Stored items
****************************************
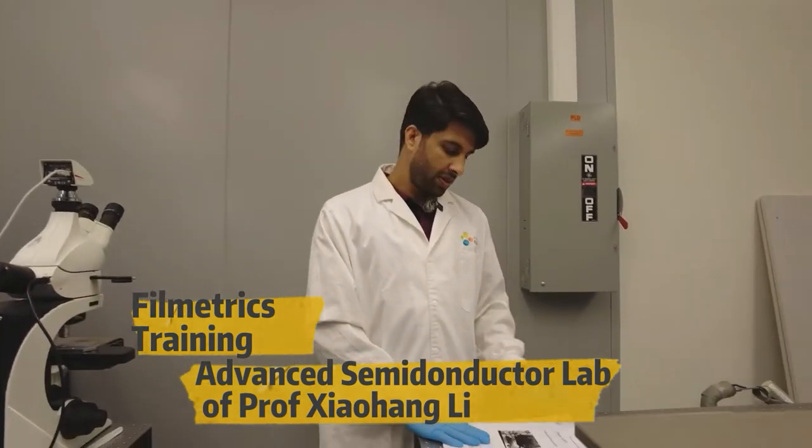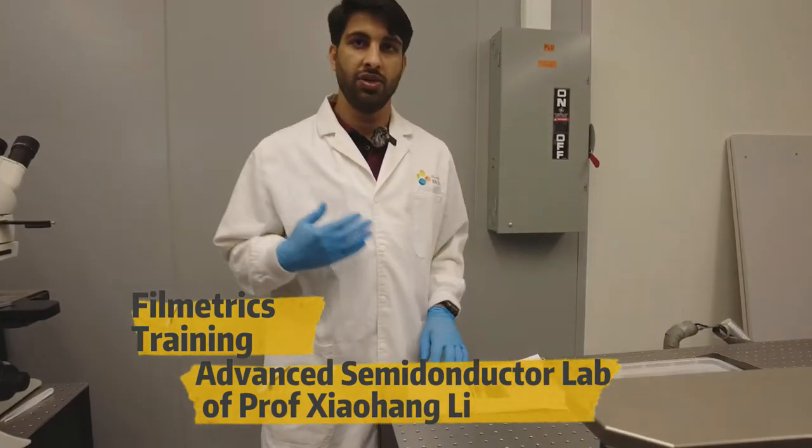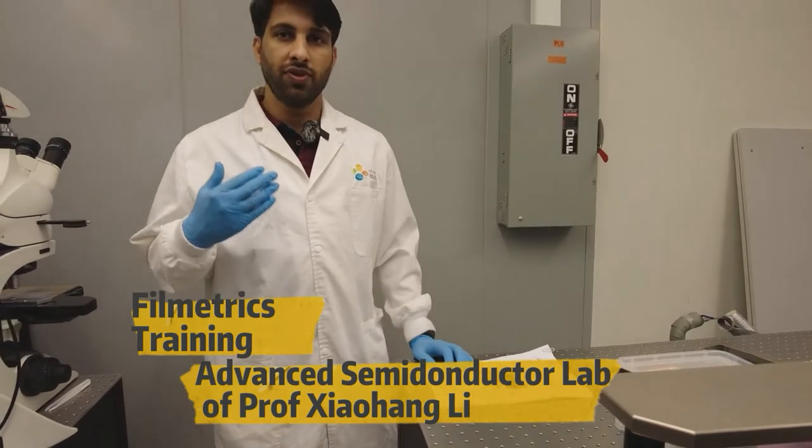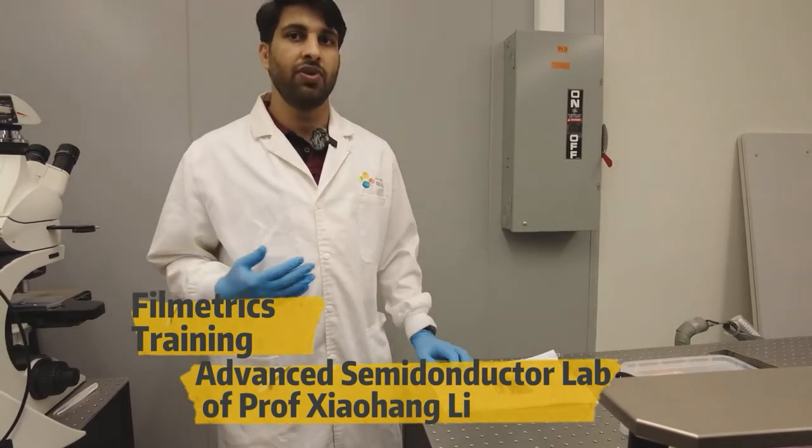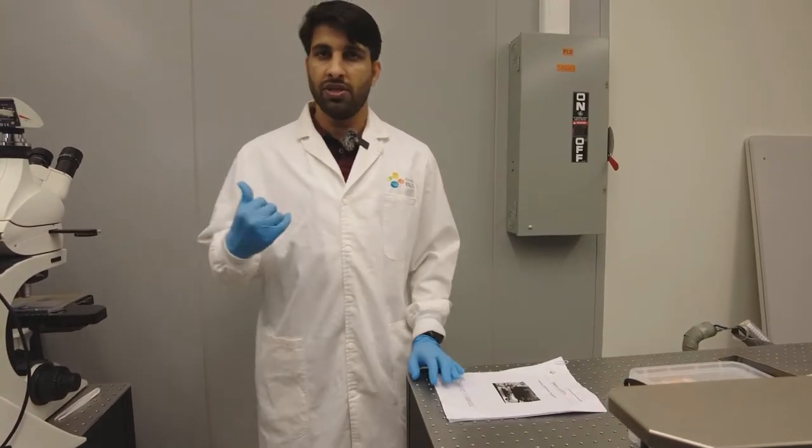This is the SOP for the filmetric. So this system is basically used for measuring the thickness of the grown film as well as the refractive index. It measures with the principle of reflectance measurement.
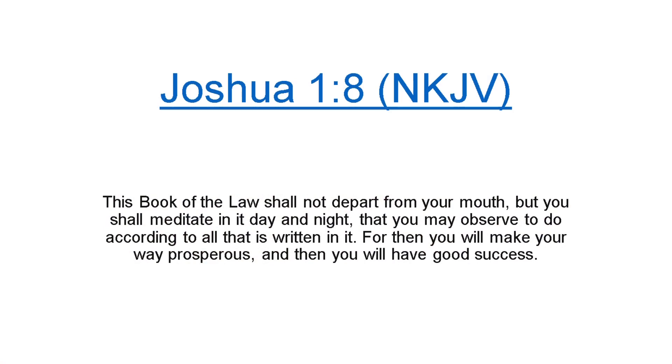Joshua 1:8 of the New King James Version of the Bible. This book of the law shall not depart from your mouth, but you shall meditate in it day and night, that you may observe to do according to all that is written in it. For then you will make your way prosperous, and then you will have good success.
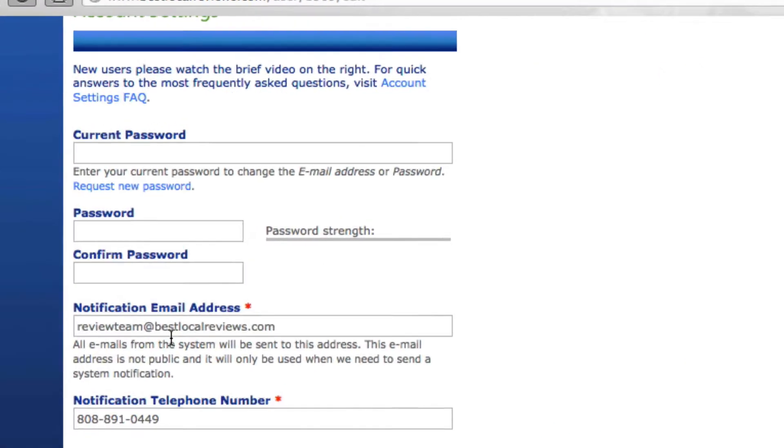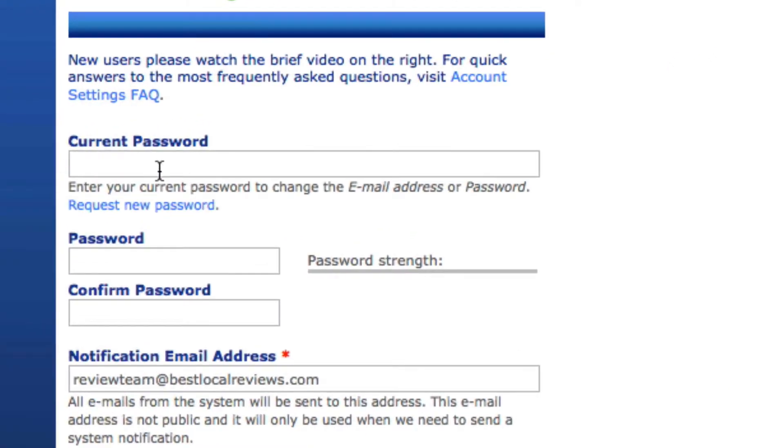Now to start, I want you to notice that the current password, password, and confirm password fields are going to be blank. You already have this information, I hope you've written it down because you're going to need it every time you get into the system.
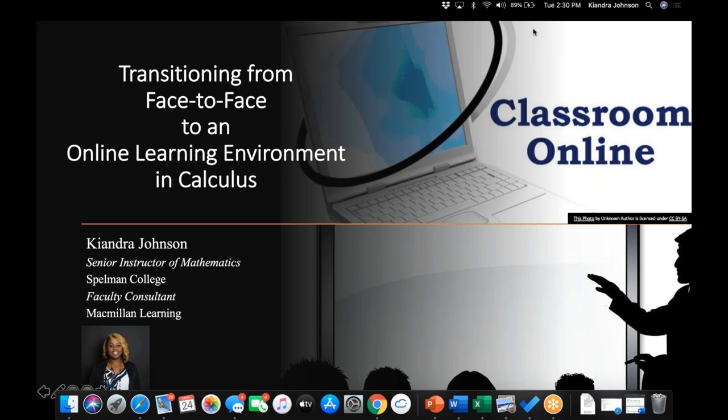Hi, everyone. Thank you for joining us this afternoon for transitioning from face-to-face to an online environment in your calculus course. We'd like to introduce our speaker for the day, Keonda Johnson, who is a senior instructor at Spelman College and also a faculty consultant for Macmillan Learning. Keonda is committed to encouraging students and showing how everyone can succeed in mathematics. Welcome, Keonda, and thank you for speaking today.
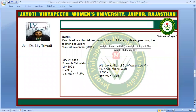We calculate the soil moisture content for each replicate sample. MC, the percentage moisture content, is calculated as: weight of the moist soil minus weight of the dry soil, divided by weight of the dry soil. This gives the moisture content on a dry weight basis.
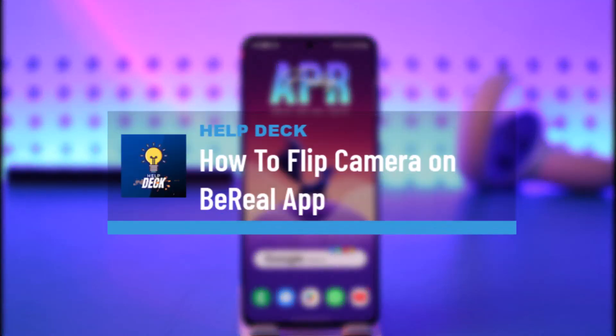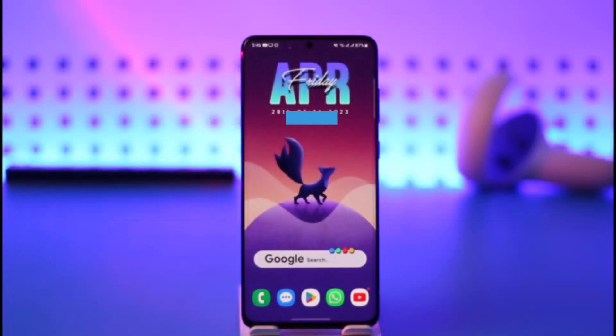How to flip camera on the BeReal app. Hi everybody, welcome back to our channel. In today's video I'll simply guide you through the steps on how you can flip your camera on the BeReal app.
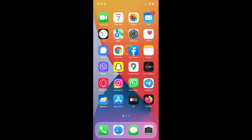Hi guys. In this video I will show you how to enable or disable data roaming on your iPhone XR running iOS version 15.3. So this is my iPhone XR. So let us start.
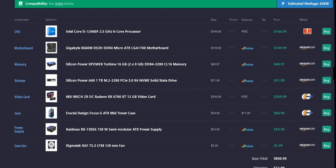For the case, we have the Fractal Design Focus G ATX mid-tower case, and that's going to be $54.99 before shipping, which is $11.99. So total for Newegg is $66.98, and the case is black and blue.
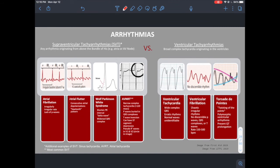Let's talk about arrhythmias. There are supraventricular tachyarrhythmias and ventricular tachyarrhythmias. The key difference is the location of the originating impulse. Supraventricular arrhythmias originate above the bundle of His — in the atria or from the AV node. Ventricular arrhythmias originate in the ventricle. The biggest distinguishing feature is narrow complex QRS versus broad complex QRS. Narrow complex QRS corresponds to SVTs; broad complex corresponds to VTs.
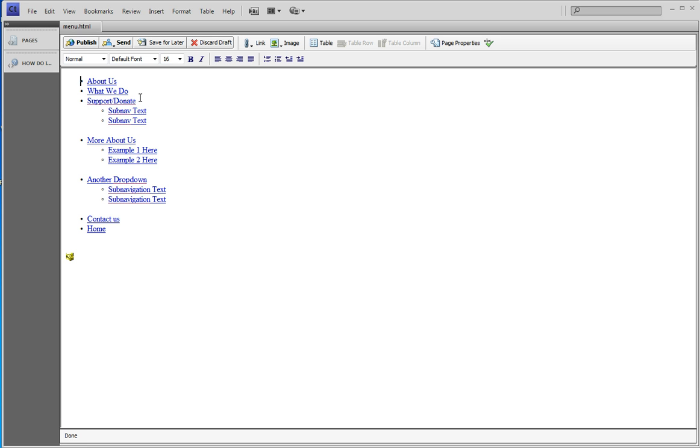In order to create a new what we call top level menu item, I click after the item that I want the new link to go under. If I want it to go under contact us, I click after contact us. We're going to do an easy one first.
****************************************
**WHAT IS NEEDED:** Please transcribe exactly the lines from the one containing "How to flip" through the final line of the data, including both, and nothing else. Pictures are to be left out.

**EXERCISE RESPONSE:**
How to flip camera on the BeReal app. Hi everybody, welcome back to our channel. In today's video I'll simply guide you through the steps on how you can flip your camera on the BeReal app.
Hi guys. In this video I will show you how to enable or disable data roaming on your iPhone XR running iOS version 15.3. So this is my iPhone XR. So let us start.
For the case, we have the Fractal Design Focus G ATX mid-tower case, and that's going to be $54.99 before shipping, which is $11.99. So total for Newegg is $66.98, and the case is black and blue.
Let's talk about arrhythmias. There are supraventricular tachyarrhythmias and ventricular tachyarrhythmias. The key difference is the location of the originating impulse. Supraventricular arrhythmias originate above the bundle of His — in the atria or from the AV node. Ventricular arrhythmias originate in the ventricle. The biggest distinguishing feature is narrow complex QRS versus broad complex QRS. Narrow complex QRS corresponds to SVTs; broad complex corresponds to VTs.
In order to create a new what we call top level menu item, I click after the item that I want the new link to go under. If I want it to go under contact us, I click after contact us. We're going to do an easy one first.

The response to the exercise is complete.